The recently signed Egyptian-Greek agreement is the third regarding the demarcation of maritime boundaries with neighbors in the Mediterranean Sea and Red Sea. In 2013, Egypt signed the same agreement with Cyprus and in 2016 with Saudi Arabia.
Rashad Abdou, an economist and head of the Egyptian Forum for Economic and Strategic Studies, told Al-Monitor that signing such agreements have a great impact on the Egyptian economy. “When Egypt demarcated the maritime borders with Cyprus, later we discovered [the] Zohr gas field in 2015,” Abdou said.
Zohr is the largest-ever gas discovery in the Mediterranean, located roughly 190 kilometers (118 miles) north of the city of Port Said.
Since Zohr began operating in 2018, the Egyptian gas production has been growing.
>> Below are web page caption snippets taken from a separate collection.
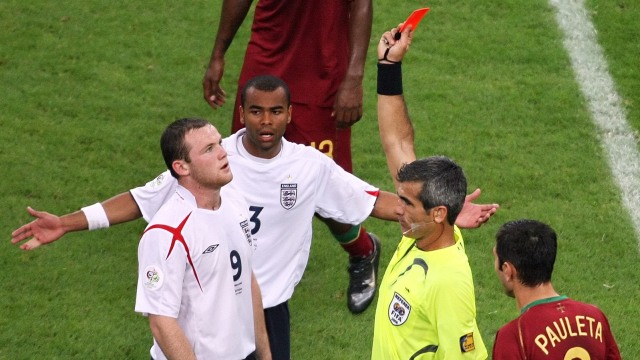 Rooney kala dikartu merah pada laga melawan Portugal di Piala Dunia 2006. (Foto: AFP/Patrik Stollarz)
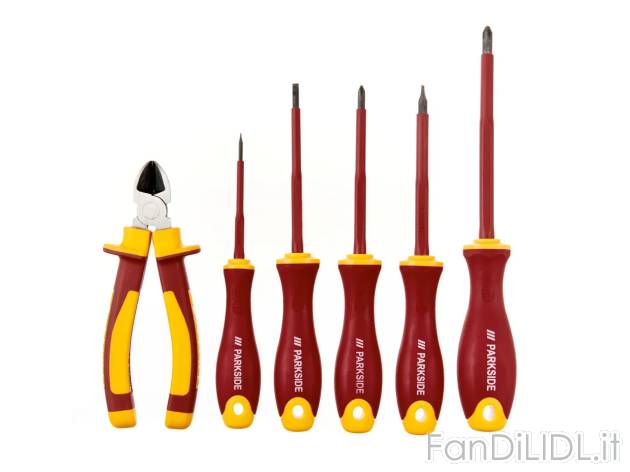 Set cacciaviti o utensili isolati , prezzo 14.99 EUR 
Set cacciaviti o utensili ...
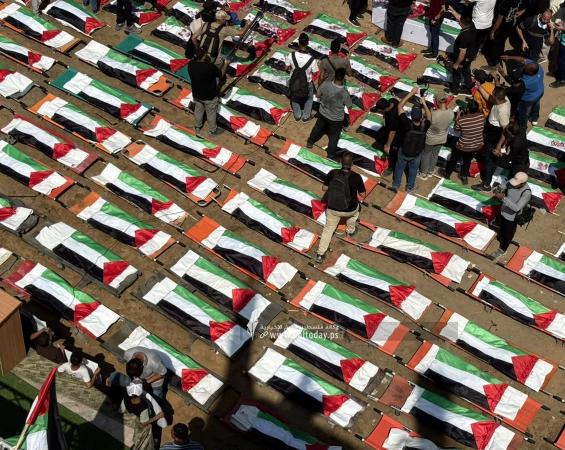 غزة تنظم أكبر جنازة لتشييع 120 شهيداً من عائلتي الحساينة وأبو شريعة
In September of the same year, Egypt stopped importing liquefied gas from abroad as its daily production of natural gas hit 6.6 billion cubic feet per day, compared to 6 billion cubic feet per day in July.
“This discovery makes Egypt seek to achieve a strategic goal in the region — to be a global platform for exporting liquefied gas to Europe, given that it outperforms other countries with liquefaction plants that are located in Idku and Damietta,” Abdou noted.
Idku is a town situated to the east of Alexandria in the Beheira governorate; Damietta is located some 13 kilometers (8 miles) from the Mediterranean.
“The agreement also allows the two countries to push forward the tripartite agreement in regard to linking the electricity networks of Egypt, Greece and Cyprus,” Abdou added.
In 2019, Egypt signed an electricity interconnection framework agreement with Greece and Cyprus to set up a subsea cable called the EuroAfrica Interconnector, to connect the three countries by a 2,000-megawatts electricity interconnection.
“By such agreements, Egypt [is] on the right track to boost economic development. As without energy there will be no foreign investments or exports,” Abdou concluded.